> [Work instructions] Once you reach the line with "Home affaire Zithoek" below, copy each line exactly, stopping after the line with "Contemporary restaurant storytelling", and skip any pictures.

____ Given information

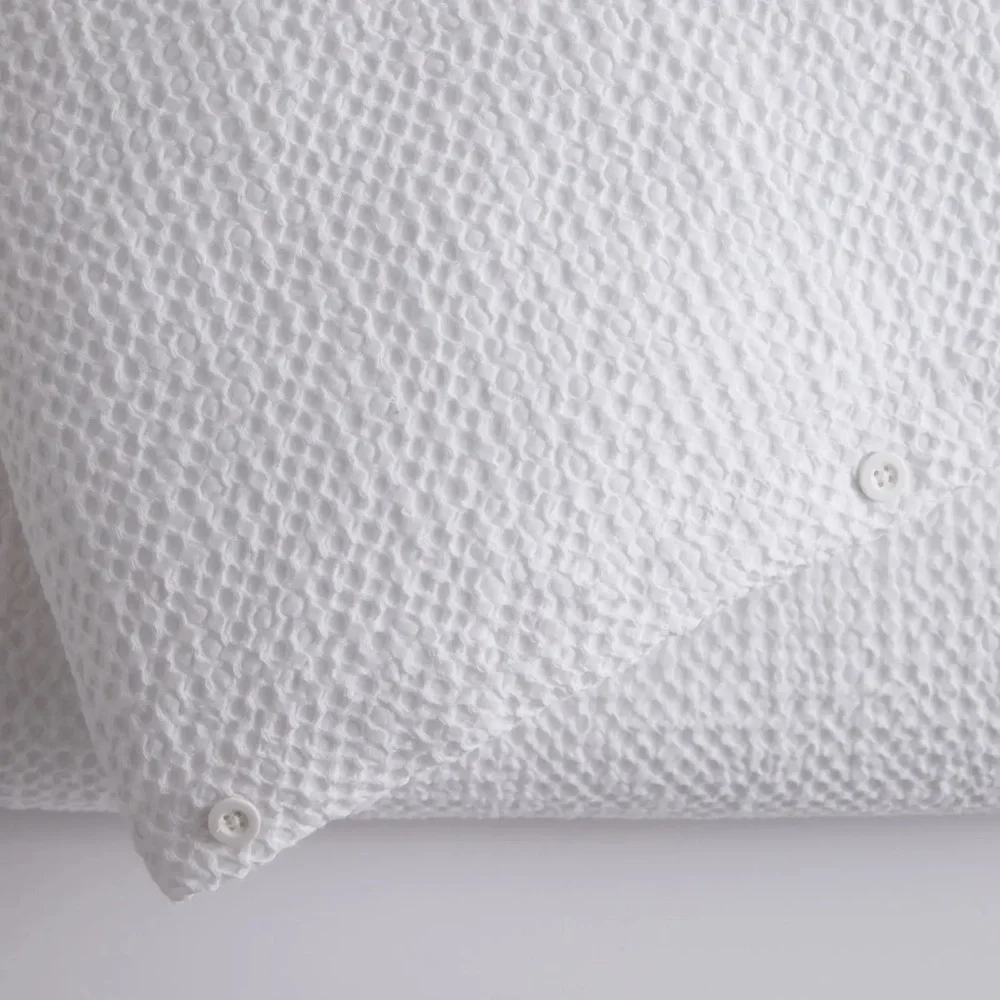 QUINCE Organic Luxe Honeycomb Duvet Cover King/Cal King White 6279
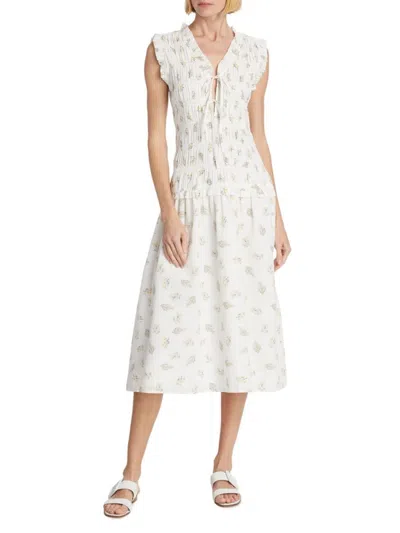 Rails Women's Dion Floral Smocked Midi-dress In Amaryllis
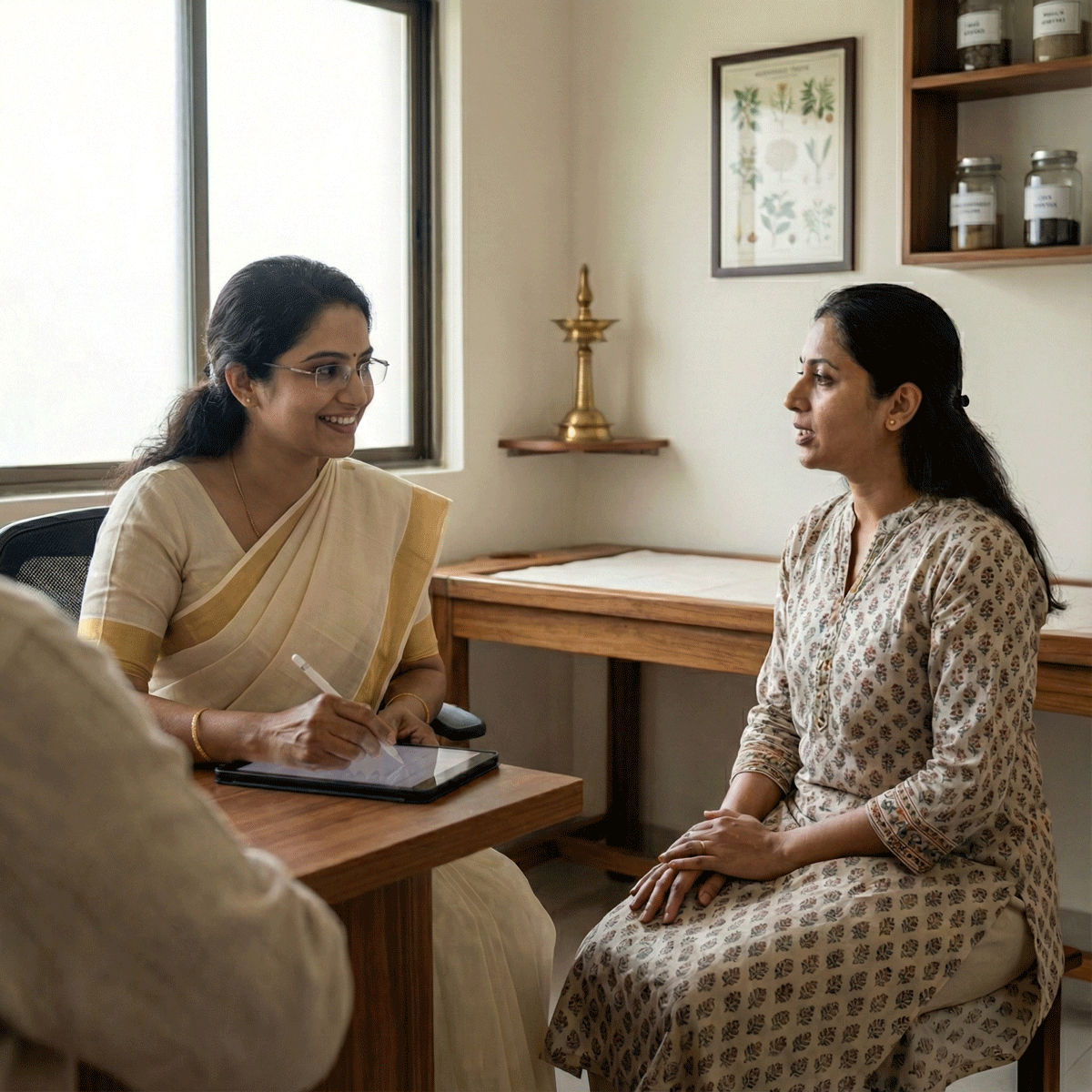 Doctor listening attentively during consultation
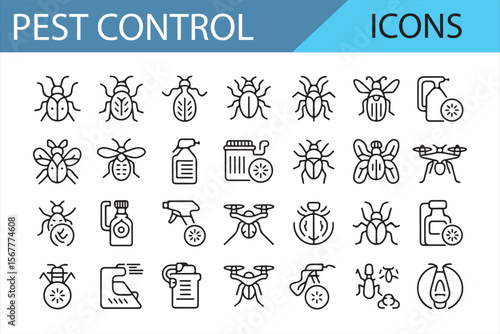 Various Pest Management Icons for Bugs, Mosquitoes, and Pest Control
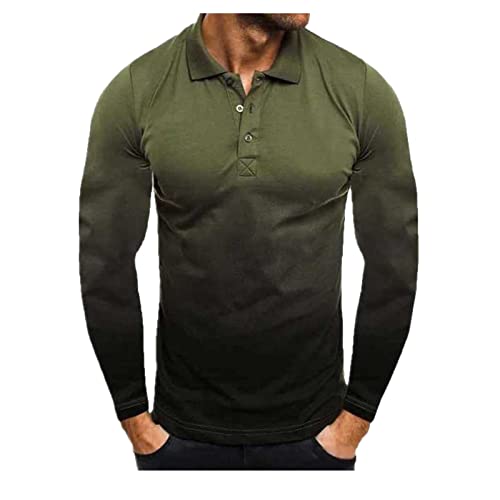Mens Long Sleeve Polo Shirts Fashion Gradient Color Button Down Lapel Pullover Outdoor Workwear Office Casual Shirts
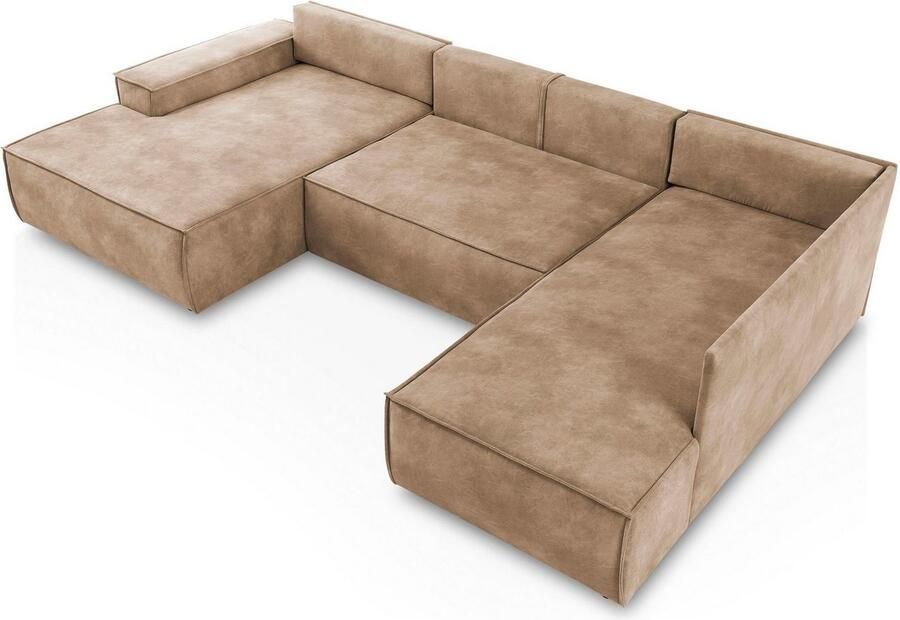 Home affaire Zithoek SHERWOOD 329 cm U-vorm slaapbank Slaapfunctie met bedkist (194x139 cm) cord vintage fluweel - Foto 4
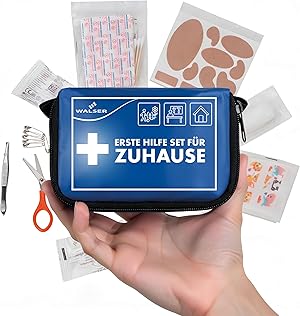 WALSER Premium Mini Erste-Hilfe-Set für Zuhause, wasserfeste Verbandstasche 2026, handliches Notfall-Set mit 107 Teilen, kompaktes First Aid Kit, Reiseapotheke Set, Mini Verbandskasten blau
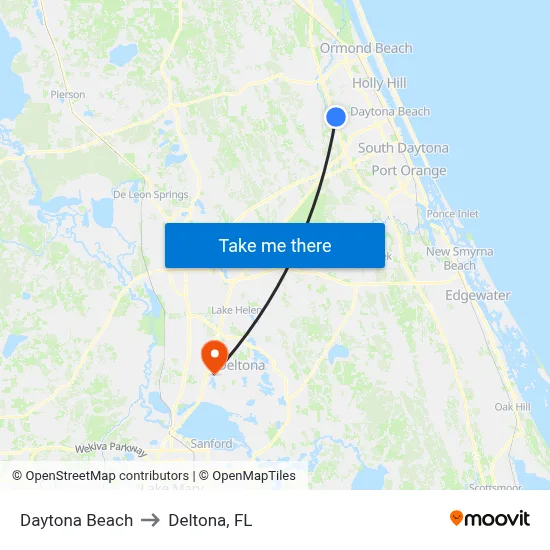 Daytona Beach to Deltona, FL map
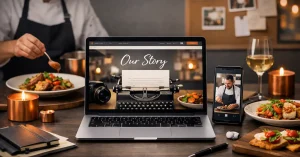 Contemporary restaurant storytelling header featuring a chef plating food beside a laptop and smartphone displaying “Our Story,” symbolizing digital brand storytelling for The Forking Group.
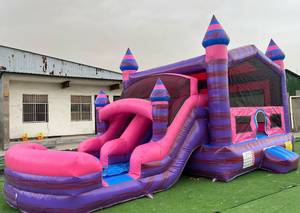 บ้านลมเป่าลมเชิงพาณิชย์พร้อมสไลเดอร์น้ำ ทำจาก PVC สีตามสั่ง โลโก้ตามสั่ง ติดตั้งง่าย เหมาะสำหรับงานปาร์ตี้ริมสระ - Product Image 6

________

> [Response]
 Home affaire Zithoek SHERWOOD 329 cm U-vorm slaapbank Slaapfunctie met bedkist (194x139 cm) cord vintage fluweel - Foto 4
 WALSER Premium Mini Erste-Hilfe-Set für Zuhause, wasserfeste Verbandstasche 2026, handliches Notfall-Set mit 107 Teilen, kompaktes First Aid Kit, Reiseapotheke Set, Mini Verbandskasten blau
 Daytona Beach to Deltona, FL map
 Contemporary restaurant storytelling header featuring a chef plating food beside a laptop and smartphone displaying “Our Story,” symbolizing digital brand storytelling for The Forking Group.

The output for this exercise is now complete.